Due to the great work of Nicolas Cannasse, most of the results below have to be re-written! HaXe now as stong typing in flash9, significantly improving performance. I also have a new machine, so some of the results will not be directly comparable, but you will get the idea. I have also added a new one: inline-grid-while, that uses while loops instead of for loops.
With the new version of haXe comes some very interestesting technology – hxasm. This allows you to use haXe syntax to write flash9 “bytecode”. This gives the possibility of decoupling the “per object” bit of the grid iteration from the looping bit by concatenating chunks of bytecode. In theory, you should be able to achieve optimal performance using this method, since you can write any bytecode you like. However, currently I can’t quite get the performance I think because ultimately the function is called through a “dynamic” interface, rather than a strongly typed one.
Writing hxasm from scratch can be quite difficult. For starters, the flash api requires time to compile the code, so the api involves a callback to complete the compilation.
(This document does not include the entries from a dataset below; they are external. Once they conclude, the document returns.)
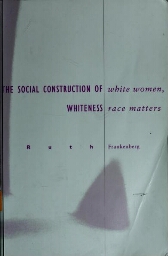 The social construction of whiteness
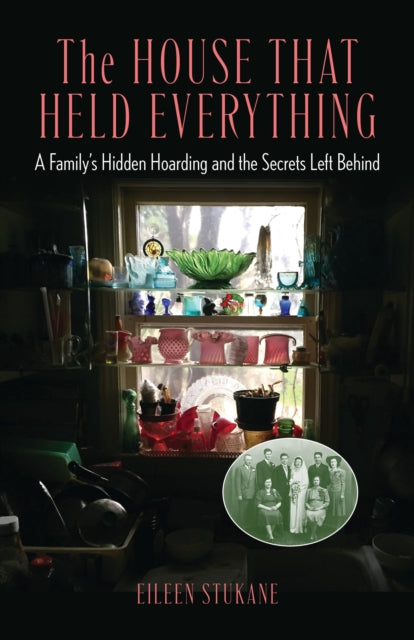 The House That Held Everything: A Family's Hidden Hoarding and the Secrets Left Behind
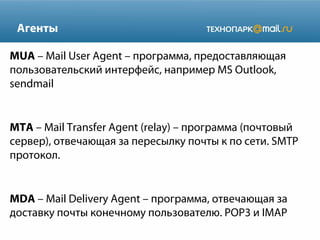 Агенты
MUA – Mail User Agent – программа, предоставляющая
пользовательский интерфейс, например MS Outlook,
sendmail

MTA – Mail Transfer Agent (relay) – программа (почтовый
сервер), отвечающая за пересылку почты к по сети. SMTP
протокол.

MDA – Mail Delivery Agent – программа, отвечающая за
доставку почты конечному пользователю. POP3 и IMAP

 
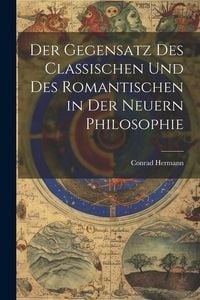 Produktbild: Der Gegensatz des Classischen und des Romantischen in der Neuern Philosophie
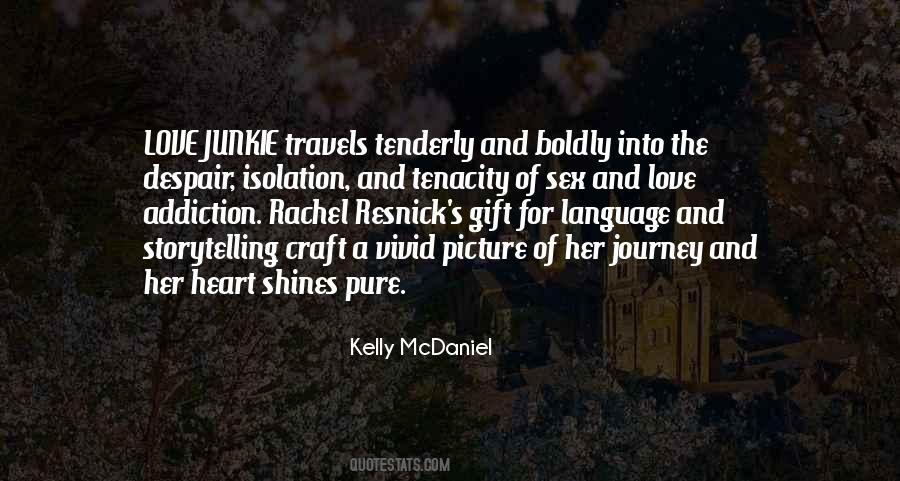Journey Of The Heart Quotes #1663805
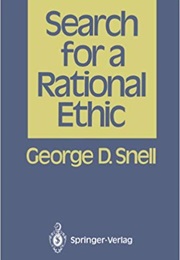 Search for a Rational Ethic (George D. Snell)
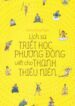 Lịch Sử Triết Học Phương Đông Viết Cho Thanh Thiếu Niên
Also, the haXe syntax is not that of a “proper” assembler, so jumps etc take a bit of work. And sometimes it is a bit hard to know where to start. To help with this, I’ve written a tool that takes compiled hx code, via the output of “abcdump”, and converts it to hxasm. You can find this code in abctools.zip.
Examining the hxasm code, you can see the difference between the for and while loops. Interestingly, other “hand optimisations” did not seem to give much better results – I suspect the flash vm is doing some pretty good optimisation as it goes. So I think the way to optimise is probably to change the original hx code, rather than the hxasm code (eg, using while loops instead of for loops). Another optimisation I looked at was to “burn in” runtime values. So rather than using the op code to get a member variable, you can burn this variable in as a constant into the bytecode. I think this gave a small improvement – I could not really tell. Infact, this last optimisation is really the only performace increment to be gained from runtime compilation – the rest could in theory be done in the production of the swf file. However, it does present a very interesting solution the the code decoupling!
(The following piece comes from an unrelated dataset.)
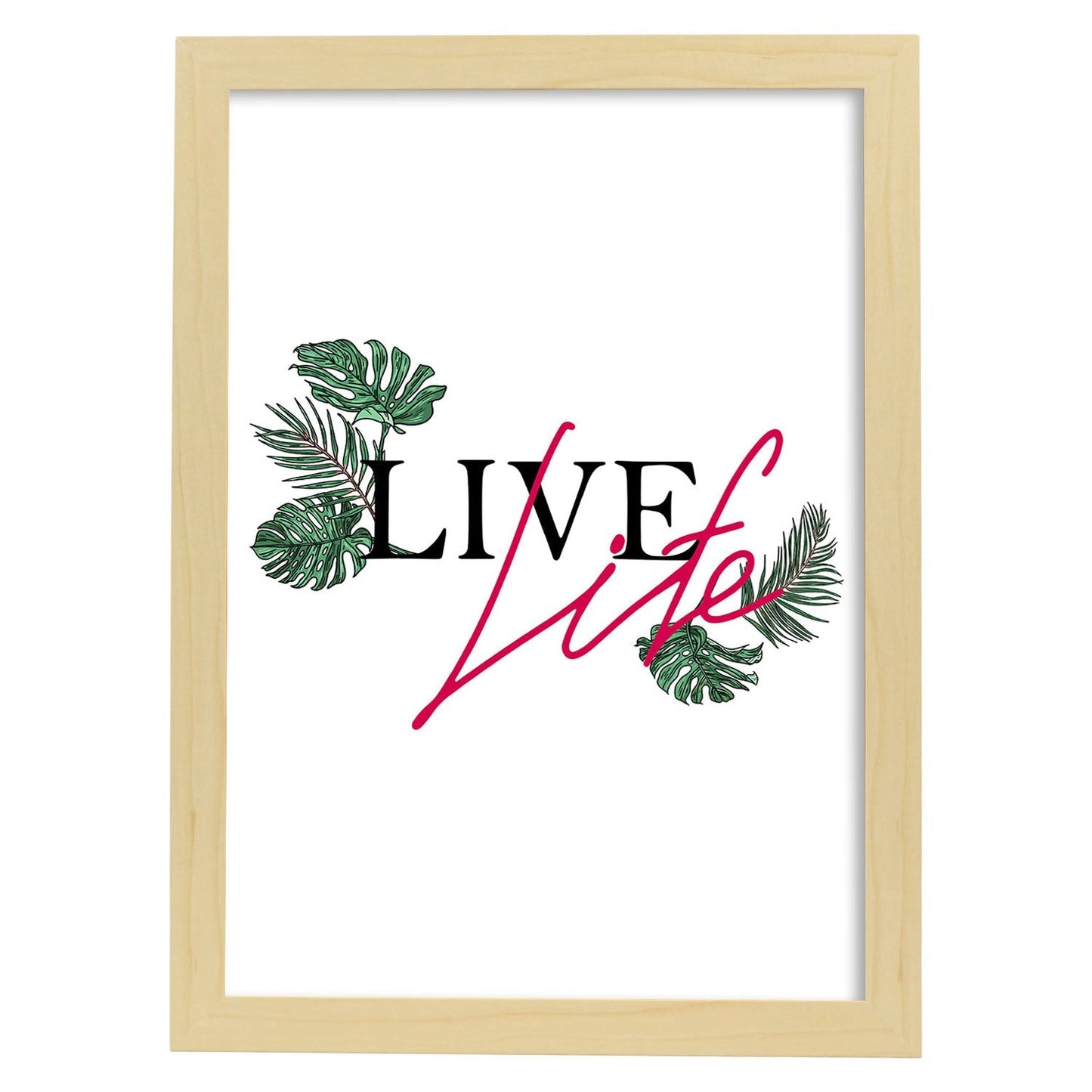 Posters con mensajes felices ilustrados. Lámina de decoración 'Live Life' con frases motivadoras y llenas de energia.-Artwork-Nacnic-A3-Marco Madera clara-Nacnic Estudio SL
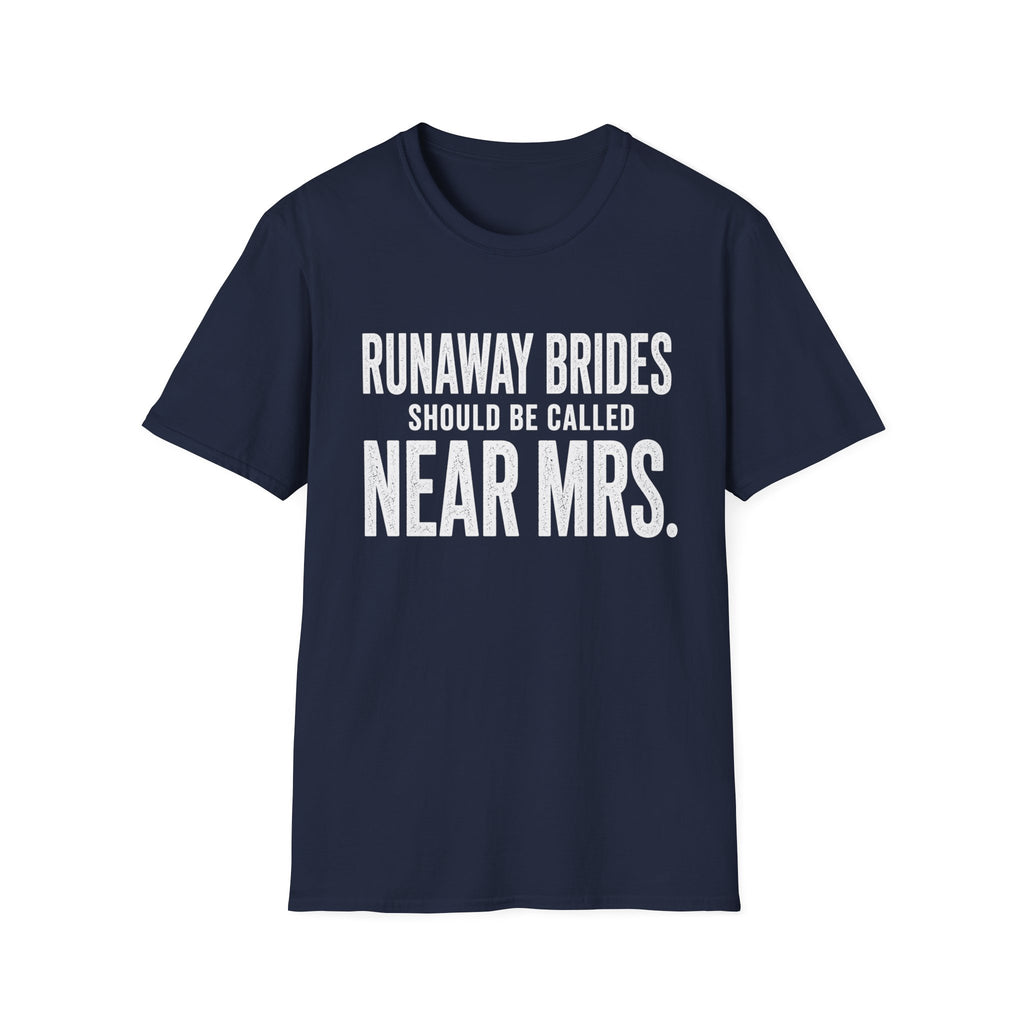 Runaway Brides Should Be Called Near Mrs T-Shirt | Bachelorette Humor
The source code can be found in src2.zip. Unfortunately, this breaks the ability to compile for neko. Also, it requires a small mod to hxasm 1.03, using an additional offset of -4 on the “backwardJump” call in Context.hx.
|Object List||8.1||Easy to understand/debug.||Slowest. Causes stutter while garbage collection runs|
|HaXe Iterator||10.1||Improved performace over Object List.
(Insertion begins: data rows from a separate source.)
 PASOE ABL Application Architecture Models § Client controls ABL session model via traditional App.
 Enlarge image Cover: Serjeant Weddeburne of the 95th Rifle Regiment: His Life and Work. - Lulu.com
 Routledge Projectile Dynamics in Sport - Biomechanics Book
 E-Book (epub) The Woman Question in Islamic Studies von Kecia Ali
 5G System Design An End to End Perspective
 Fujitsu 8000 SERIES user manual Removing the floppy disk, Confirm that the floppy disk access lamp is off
Direct “drop in” replacement for Object List.
|Slightly complex to write. Slightly slower than most.|
|While Iterator||7.1||Slightly faster than for-iterator. Slightly easier to write||Slightly more complex to use.|
|Closure/Callback||13.9||Slightly faster than for-iterator. Decoupled. Interesting way of writing code.||Interesting way of writing code.|
|Member Callback||6.0||Faster than anonymous callback.||Member function name is explicit in code.|
|Inline GOB||6.4||Faster.||Couples GOB code to grid implementation. Requires separate code for each function|
|Inline Grid – for||4.5||Fast. Easy to understand/debug. Not as badly coupled as Inline GOB.||Couples Grid code to GOB implementation. Requires separate code for each function|
|Inline Grid – while||4.0||Fastest. Same as “for” loop, but slightly faster, and slightly more verbose.||Couples Grid code to GOB implementation. Requires separate code for each function|
|HxASM inline code||5.1||Fast and decoupled.||Requires writing “raw” hxasm callback. 2-phase setup|
Out of all this, the conclusion is pretty similar – the tighter coupling creates faster code – but all the code is faster now, which is great. The inline hxasm is very interesting, and while probably not appropriate for this application, shows some promise for certain applications.